Throughout my work as a weaver, I have become deeply interested in people-plant relationships, especially the interdependence that basket weaving illustrates between people and the land they are situated within. I am particularly curious about what we can learn from understanding the wider bonds of belonging and kinship relations that weaving demonstrates about human coexistence within the ecosystems they weave with. 

I am also particularly interested in how the practice of basketry, like many aspects of culture, is part of ongoing adaptation and change, as well as being influenced and eroded by its relationship to many socio-political and environmental factors. Although basketry is one of the most ancient examples of human resource-use within subsistence relationships, it is in no way static or stable. Throughout history, basketry and the livelihoods of many people who weave, has been influenced by the globalised world and their convergence with various colonial actors in different regions where strong basket weaving traditions remain.  

Basketry is inherently interwoven with land and access to the plants and forests that weavers use as resources to weave their baskets. Throughout the world, many indigenous groups and nature-based peoples who have woven baskets on their ancestral lands for generations, have been and continue to be impacted by land-rights issues and obtaining title to their homelands. In many cases, these people find it increasingly challenging to obtain access to their traditional plants to weave with due to land-theft, privatisation of land and logging that clear-cuts huge swathes of forest each day, decimating all, including specific trees and palms that are used by these people for basketry. When this land is cleared the loggers do not choose between the timber they are targeting and other native species amongst them, therefore all is destroyed. Similarly, when land is decimated by cattle ranchers or sold to private companies, the long inhabitation and use of forests by indigenous people and their cultural crafts is ignored. For thousands of years indigenous tenure of land to harvest native plants for basket weaving has been passed down between families and tended to and many individuals hold tenure to particular trees within their communities. 

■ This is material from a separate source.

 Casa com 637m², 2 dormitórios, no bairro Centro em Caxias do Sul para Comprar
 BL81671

Many plants used for weaving also hold ritual significance and are tied closely to the cosmology of many people. The factors mentioned above do not only diminish and deteriorate access to materials, displacing people from their lands and resources but they also erode kinship bonds and neglect the wider bonds of belonging that people have with their ancestral land. Colonial modernisation projects that focus on “conservation and development” continuously fail to recognise these sacred bonds, thus eroding the livelihoods, identity and dignity of peoples connection to land. 

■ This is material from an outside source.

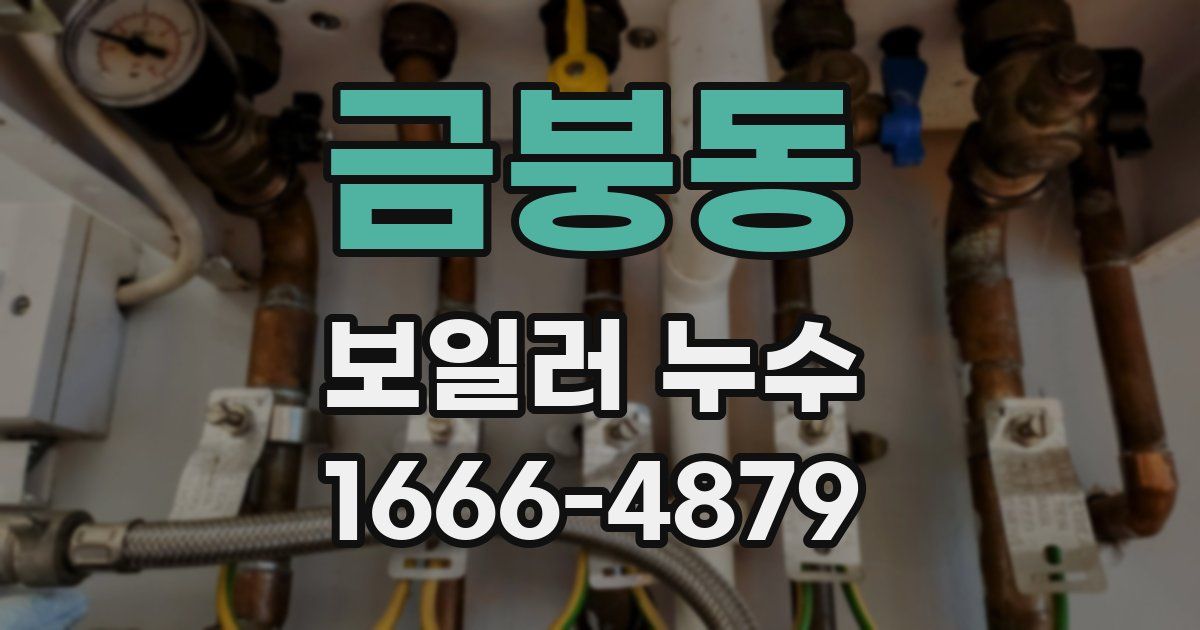 금붕동 보일러 누수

I am currently living and working with a small community of Emberá people in the lowlands tropical forests of eastern Panama, where I am honoured to weave baskets with the women most days as well as researching how their cultural lifeways are impacted by environmental governance in the region. The Emberá are some of the most skilled basket weavers in the world, weaving intricate coiled baskets and masks from the forests where they live from Chunga (Black Palm) and Nahuala, commonly known as the Panama Hat Plant. The Chunga Palm, like many other parts of their cultural traditions, is under threat due to illegal as well as state-licensed logging in the region destroying large areas of the forest. The interweaving of the lives of the Emberá and their lifeway as artisans, like many parts of their lives, is often overlooked and ignored as their resource-rich lands are destroyed or stolen from them. In many cases, weavers now have to travel many hours to find harvestable plants.